I decided to try my hand at this whole vacation thing one more time. Or, as a very wise person once told me, when you’re taking your kids it’s a family trip, there’s nothing vacation-like about it. So true. We loaded up the four kids and hopped on a flight to Florida to see my parents. Today it called for rain ALL. DAY. So we did what any normal, sane parents would do. We loaded them up in the car and drove to the local flea market. Tons of shiny things for them to attempt to pilfer and us to yell at them not to touch. Perfect! We got there bright and early and then pulled a Walley World and made sure to park nearest the exit so we could be the first ones out! (This wasn’t our first rodeo.) We hauled all four kids inside and it started off pretty decent.

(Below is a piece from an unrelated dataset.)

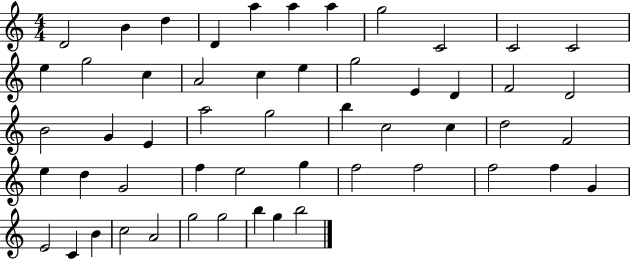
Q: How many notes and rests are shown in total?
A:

We were enjoying ourselves, pretending to be a cordial, polite family. With every booth we passed our patience ran increasingly thin. “Quit jamming beads in your pockets!” “ The next person to steal something is going to prison!“ “No, we don’t need a set of six massaging chair covers for the plane ride home!“ (This one was directed at Alex.) We were about 3/4 of the way through the place when I think it became pretty obvious that it would be best for everyone if we just went home. The woman in stall 152 literally gave us free stuff just to leave her booth. And I happily took her up on it. And I don’t mean some little commemorative button. Each of the three girls got to pick out a matching shirt. When she saw that we also had a baby boy she told us to pick out a free leather bracelet for him too. He’s honestly not much for jewelry (he made us return the toe ring we got him for Christmas) but I was like ‘Heck, it’s free, why not?’ While the boy is admittedly huge, most of the bracelets were adult-sized so I had to rummage through them until I found one with palm trees that seemed large-baby-sized and tossed it to Alex to give to Grant. We thanked the woman profusely and headed on our merry way. The girls and I were about five stalls ahead of Alex while he was fumbling with the bracelet and Grant. He started yelling at me to come back. I turned around to see what all the ruckus was about.


He’s very upset he couldn’t keep the weed one. “It was way cooler,” he says.